Meninggalkan tahun 2009 dan memasuki tahun 2010 patut dilakukan refleksi di bidang kesehatan yang merupakan salah satu unsur utama harkat kemanusiaan dan kesejahteraan rakyat. Sampai sejauh mana prestasi yang telah dicapai serta juga permasalahan dan tantangan ke depan di bidang kesehatan perlu menjadi perhatian bersama.

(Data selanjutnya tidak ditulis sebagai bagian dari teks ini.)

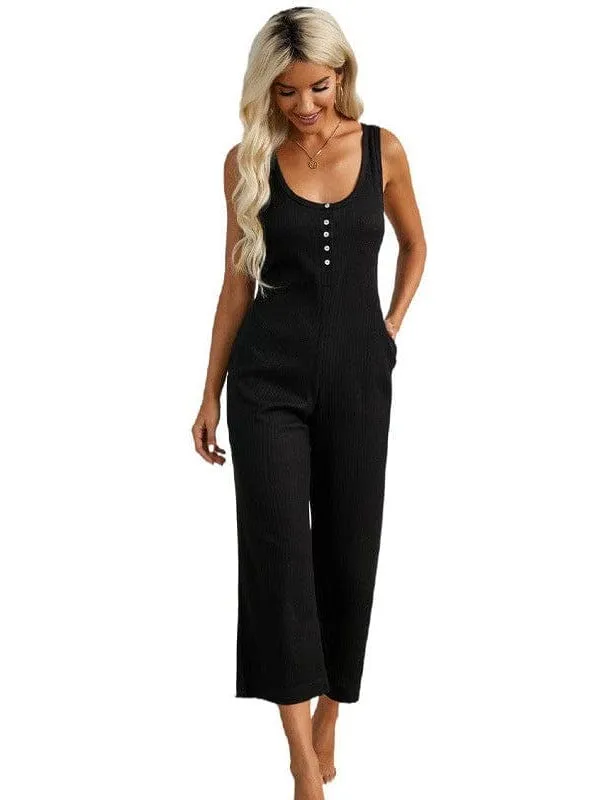 Burgundy Pocket Wide Leg Jumpsuit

Di samping yang secara umum dalam bentuk kemajuan pelaksanaan berbagai program kesehatan maupun masih belum memuaskannya taraf kesehatan masyarakat, pada tahun 2009 secara nasional terdapat pula beberapa hal yang menonjol di bidang kesehatan antara lain ditetapkannya berberapa peraturan perundang-undangan di bidang kesehatan yaitu UU No. 36 tahun 2009 tentang Kesehatan, UU no. 44 tahun 2009 tentang Rumah Sakit, pengangkatan menteri kesehatan Kabinet Indonesia Bersatu II, maupun juga terjadinya kasus Prita Mulyasari. Dalam bidang kesehatan gigi, tahun 2009 merupakan era baru dengan dicantumkannya kesehatan gigi dan mulut pada UU Kesehatan. Kenyataan ini mendasari evaluasi bidang kesehatan di tahun 2009, serta bagaimana menata antisipasi ke depan di tahun 2010.

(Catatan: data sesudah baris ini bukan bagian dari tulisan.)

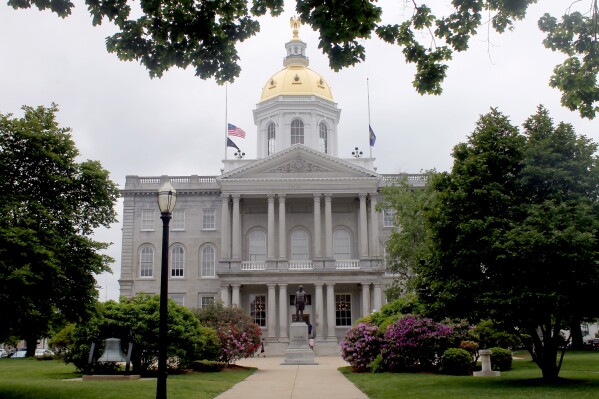 FILE - The New Hampshire statehouse is pictured, June 2, 2019, in Concord. Democrat Maggie Goodlander, a former senior White House aide with deep political connections, is running for Congress in her home state of New Hampshire. In a campaign announcement Thursday, May 9, 2024, she said she's running to take on bullies like right wing judges, extreme politicians and big corporations. (AP Photo/Holly Ramer, File)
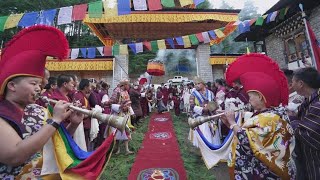 Honorary Procession of Dungse Thinley Norbu Yangsi amp Garab Rinpoche In Bumthang [upl. by Dnomder]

2010 SEBAGAI TAHUN PENELAAHAN VISI INDONESIA SEHAT
Tahun 2010 merupakan tonggak evaluasi pelaksanaan Visi Indonesia Sehat 2010. Selama ini telah ditetapkan serangkaian indikator mengenai capaian yang hendak diwujudkan dalam pelaksanaan Indonesia Sehat 2010. Dengan demikian patut dilakukan evaluasi, sampai sejauh mana visi pembangunan Indonesia Sehat 2010 telah berhasil dilaksanakan. Di samping itu patut pula diperhatikan bahwasanya kesehatan tidak dapat dilihat hanya secara kuantitatif belaka seperti angka kematian, tingkat penyakit, banyaknya rumah sakit yang dibangun dsb., namun juga menyangkut peningkatan martabat hidup manusia. Bahkan bila upaya kesehatan telah dijalankan dengan kecanggihan ilmu pengetahuan dan teknologi yang tinggi sekali pun, tetap akan menyalahi hakikatnya bila martabat kemanusiaan diabaikan.

PROGRAM KESEHATAN
Berdasarkan konstitusi, kesehatan dan memperoleh pelayanan kesehatan merupakan salah satu hak azasi manusia serta negara bertanggung jawab atas penyediaan fasilitas kesehatan. Namun kencenderungan selama ini, pelayanan kesehatan lebih diartikan mengobati orang sakit, dan bukannya juga mengusahakan agar masyarakat yang sehat tetap sehat. Pandangan keliru tersebut bukan hanya terdapat di kalangan masyarakat umum, namun juga pada sementara pengambil keputusan, bahkan tidak jarang pada kalangan profesi kesehatan. Selama ini program di bidang kesehatan maupun alokasi dana, umumnya lebih ditujukan untuk upaya kuratif, sedang untuk promosi kesehatan dan pencegahan penyakit masih kurang memadai. Memang harus diakui, upaya kuratif lebih menimbulkan efek tebar pesona, namun sama sekali tidak akan mengatasi permasalahan kesehatan secara mendasar. Sayangnya kenyataan menunjukkan, selama ini promosi kesehatan dan pencegahan penyakit masih lebih sebagai semboyan dan kurang implementasinya sebagai prioritas program.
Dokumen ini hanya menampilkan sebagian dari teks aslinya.